■ **WORK REQUEST**: Among the lines of the listing below, retype exactly those from the one containing "Versace Men s" through the one containing "Hotel Dardani Mitrovica Bagian luar foto", both included. Do not include pictures.

■ **STORED DATA**:
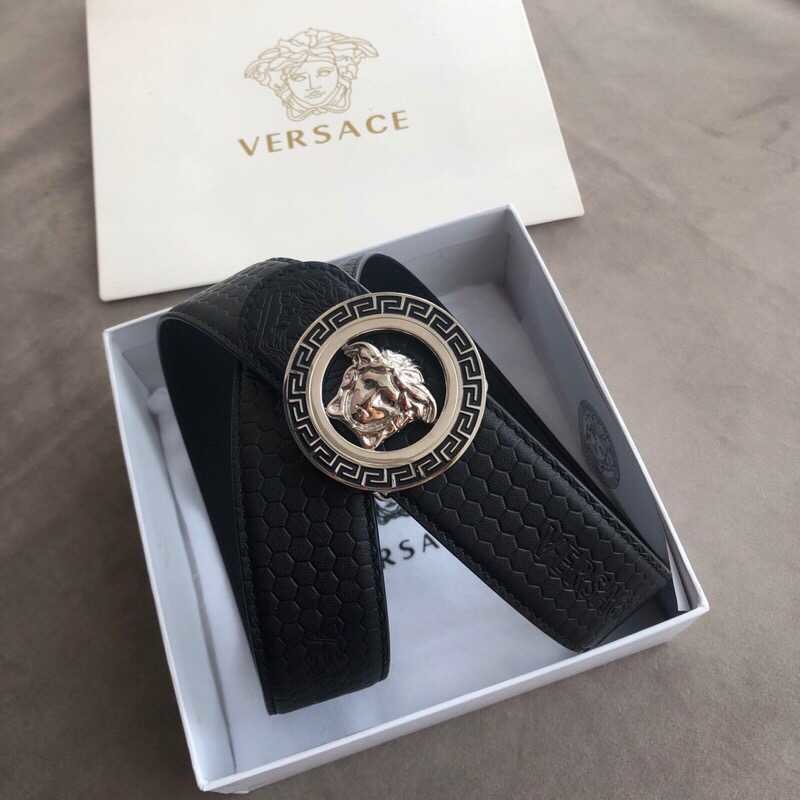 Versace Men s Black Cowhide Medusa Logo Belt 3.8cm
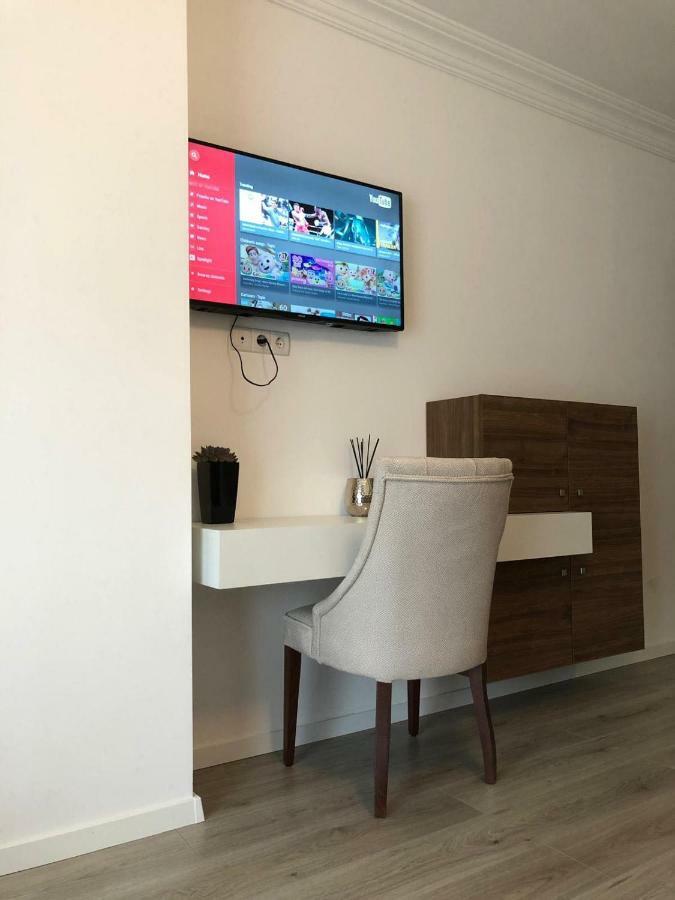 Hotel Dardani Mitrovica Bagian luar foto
...
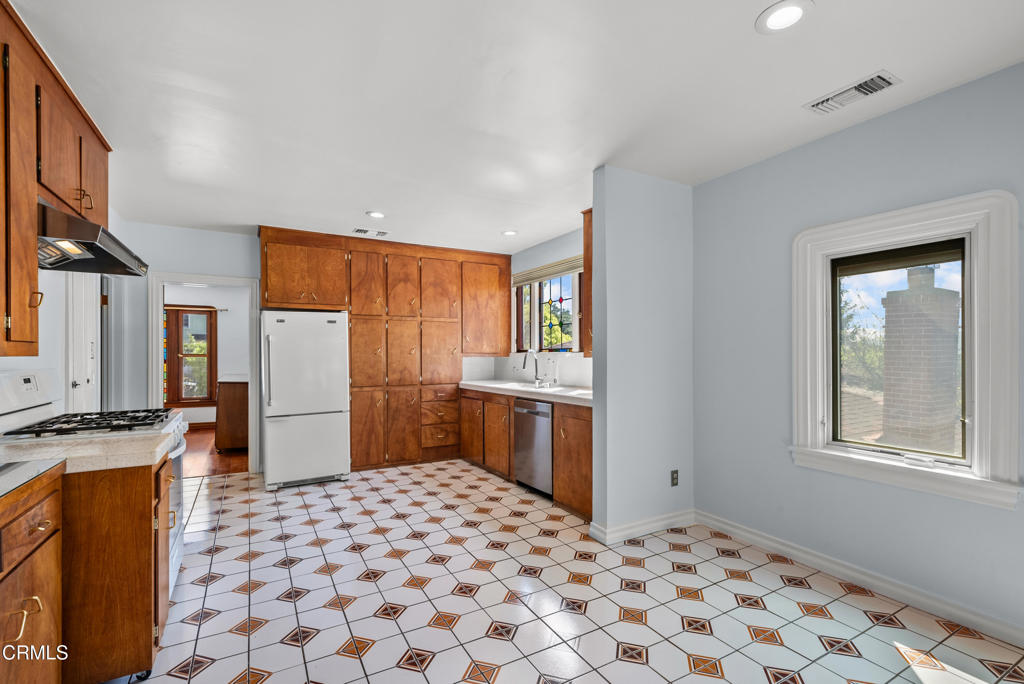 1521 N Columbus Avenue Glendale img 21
...
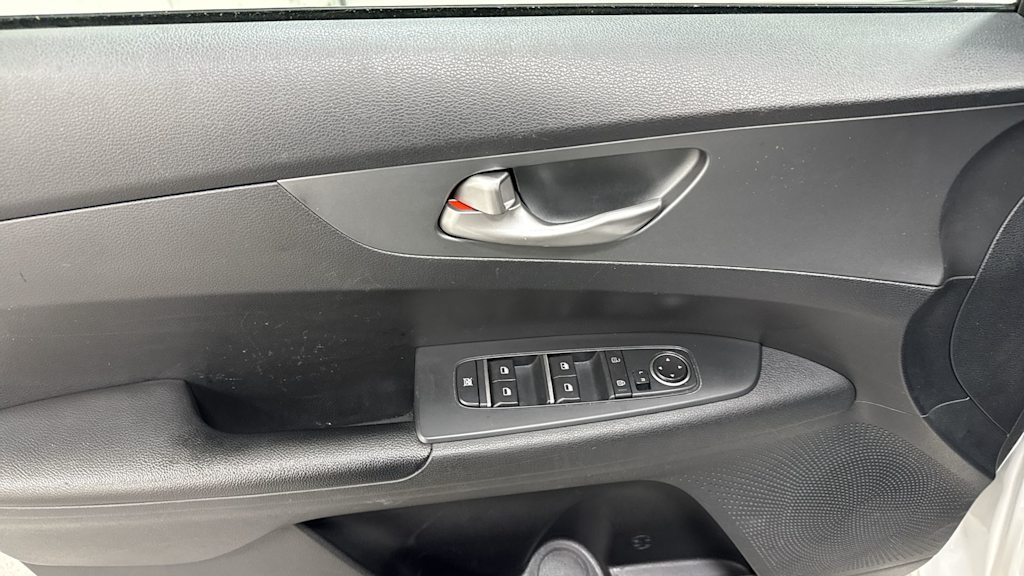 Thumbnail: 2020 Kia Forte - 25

■ **COMPLETED EXERCISE**:
 Versace Men s Black Cowhide Medusa Logo Belt 3.8cm
 Hotel Dardani Mitrovica Bagian luar foto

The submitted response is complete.